Thailand’s baht fell the most in almost six weeks and bonds slumped after Federal Reserve Chairman Ben S. Bernanke said the central bank will probably taper its stimulus this year.
The Federal Open Market Committee yesterday left the monthly pace of bond purchases unchanged at $85 billion, while saying that “downside risks to the outlook for the economy and the labor market” have diminished. Global funds pulled $2.7 billion from Thai bonds and equities since May 22, when Bernanke signaled a reduction in measures known as quantitative easing that have spurred demand for emerging-market assets.
The baht fell 1.2 percent to 31.08 per dollar as of 3:30 p.m. in Bangkok, the biggest slide since May 10, data compiled by Bloomberg show. That was within 0.4 percent of a nine-month low of 31.19 level touched on June 12. One-month implied volatility, a measure of expected moves in the exchange rate used to price options, dropped 25 basis points, or 0.25 percentage point, to 7.7 percent.
“Bernanke hinting at the timing of the reduction in the quantitative easing is leading to dollar purchases across the board,” said Kozo Hasegawa, a Bangkok-based foreign-exchange trader at Sumitomo Mitsui Banking Corp. “That is also weighing on other local assets including the bonds. But concern about intervention is growing if the baht weakens sharply beyond 31.”

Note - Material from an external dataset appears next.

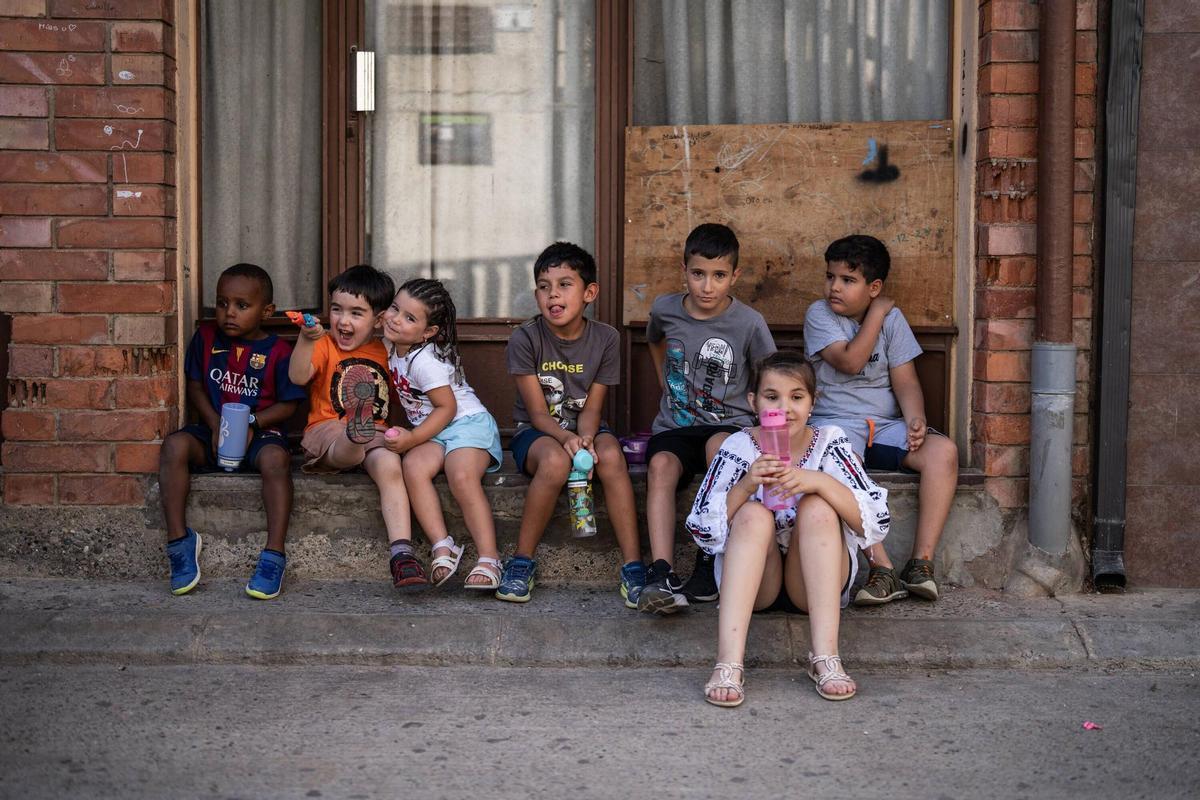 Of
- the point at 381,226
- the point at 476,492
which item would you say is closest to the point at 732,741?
the point at 476,492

The Bank of Thailand will step in to curb excessive volatility in the baht if needed, Deputy Governor Pongpen Ruengvirayudh told reporters today in Bangkok. Finance Minister Kittiratt Na-Ranong said today he wants the Bank of Thailand to “manage the foreign-exchange rate,” adding the nation can cope with outflows given the size of its foreign-exchange reserves.

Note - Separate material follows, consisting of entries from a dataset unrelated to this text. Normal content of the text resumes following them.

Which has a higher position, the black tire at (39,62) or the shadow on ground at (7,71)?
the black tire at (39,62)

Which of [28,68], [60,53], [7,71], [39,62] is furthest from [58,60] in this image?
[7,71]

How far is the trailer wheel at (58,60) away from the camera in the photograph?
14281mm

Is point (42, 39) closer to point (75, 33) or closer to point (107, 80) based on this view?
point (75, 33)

Central bank Governor Prasarn Trairatvorakul said June 13 the bank sold “a certain amount of dollars.” The authority’s reserves stood at $176.5 billion on June 7, up 2.7 percent from a year earlier, Bank of Thailand data show.

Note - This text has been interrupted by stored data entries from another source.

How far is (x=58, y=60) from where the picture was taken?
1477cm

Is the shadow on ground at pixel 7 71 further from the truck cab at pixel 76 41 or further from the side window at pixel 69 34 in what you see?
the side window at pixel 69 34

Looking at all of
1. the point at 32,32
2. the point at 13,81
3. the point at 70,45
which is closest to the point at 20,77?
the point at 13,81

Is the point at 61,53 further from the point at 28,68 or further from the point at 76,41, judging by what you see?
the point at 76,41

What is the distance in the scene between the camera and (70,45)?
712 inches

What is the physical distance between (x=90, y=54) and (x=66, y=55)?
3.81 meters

The government sees no need to implement measures to stem outflows, Somchai Sujjapongse, director-general of the finance ministry’s fiscal policy office, said June 14. Money will eventually flow back, he said.
The yield on the 3.625 percent government bonds due June 2023 climbed 20 basis points to 3.98 percent, according to data compiled by Bloomberg.